DATA FOR REVIEW:
————————

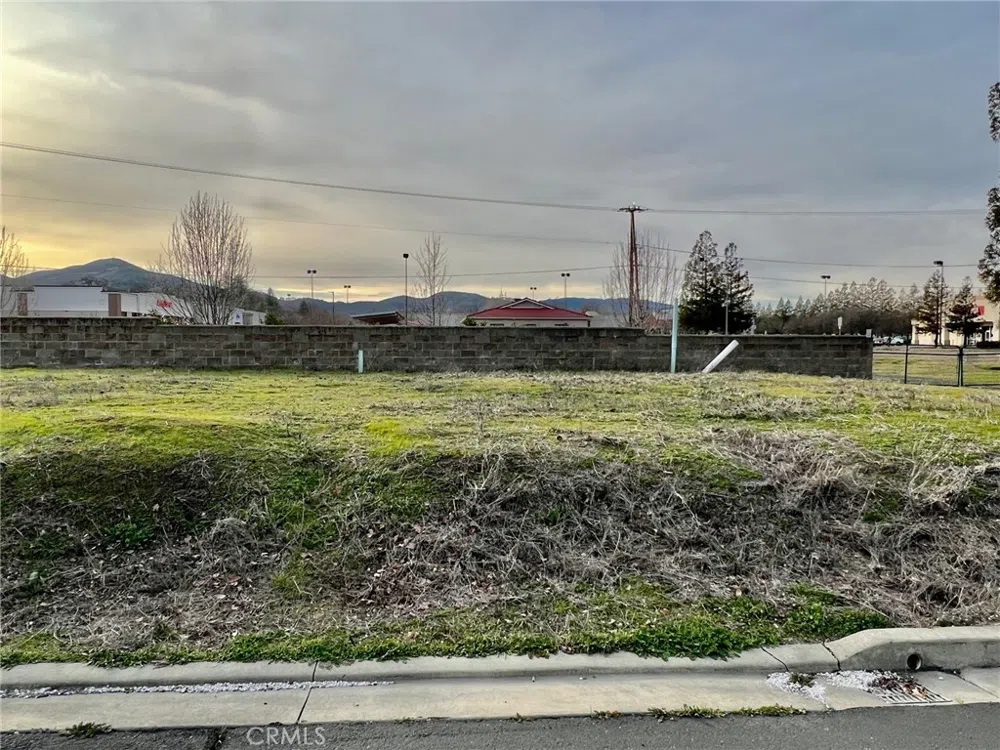 2023 Hampton Lakeport, CA 95453
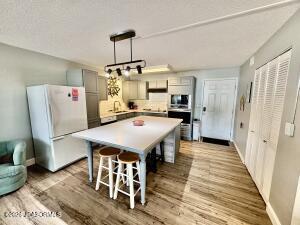 150 Southwood Shores Pl 21-2b Property Photo 6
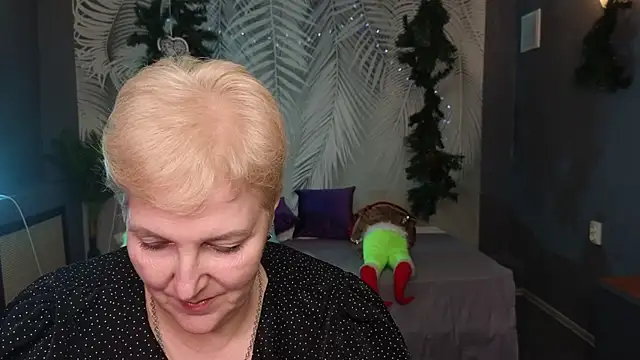 Snapshot of Sandra_Snow chatting on 01-18-25, 05:26 Sandra Snow online show from 01-18-25, 05:26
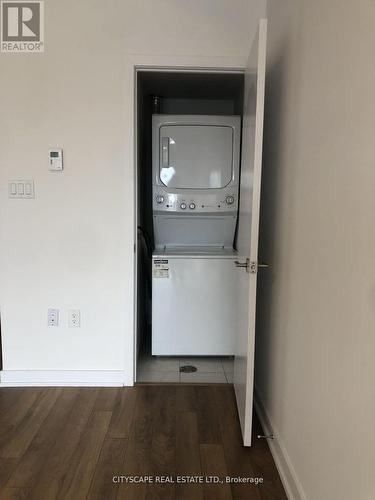 615 - 2433 Dufferin Street, Toronto, ON - Indoor Photo Showing Laundry Room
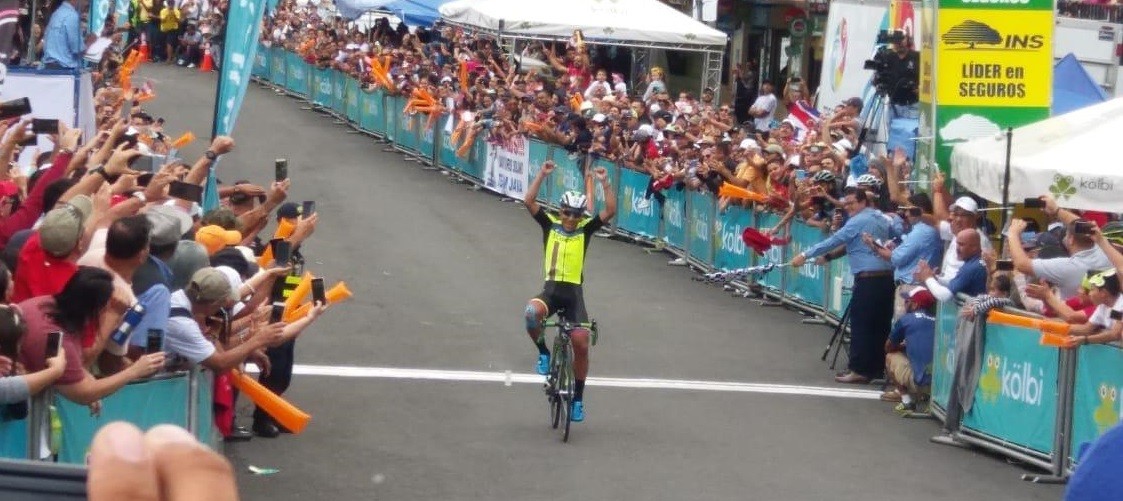 Ecuatoriano Harold López gana octava etapa de la Vuelta, tico Daniel Bonilla no suelta el liderato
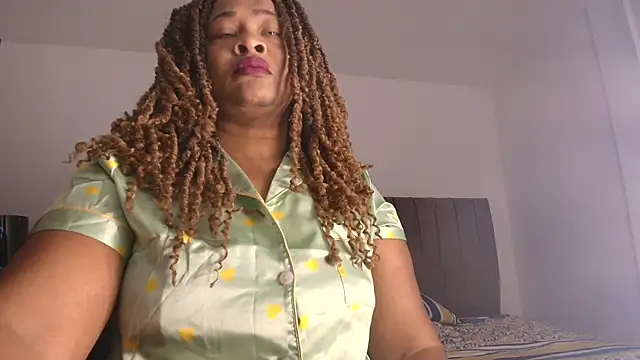 Snapshot of luxy_benet chatting on July 10, 2026, 12:27 pm luxy benet online show from July 10, 2026, 12:27 pm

————————

YOUR OBJECTIVE: The range to set down runs from the line containing "150 Southwood Shores" through the final line of the data, both ends included; give it exactly and drop the pictures.

EXERCISE RESPONSE:
 150 Southwood Shores Pl 21-2b Property Photo 6
 Snapshot of Sandra_Snow chatting on 01-18-25, 05:26 Sandra Snow online show from 01-18-25, 05:26
 615 - 2433 Dufferin Street, Toronto, ON - Indoor Photo Showing Laundry Room
 Ecuatoriano Harold López gana octava etapa de la Vuelta, tico Daniel Bonilla no suelta el liderato
 Snapshot of luxy_benet chatting on July 10, 2026, 12:27 pm luxy benet online show from July 10, 2026, 12:27 pm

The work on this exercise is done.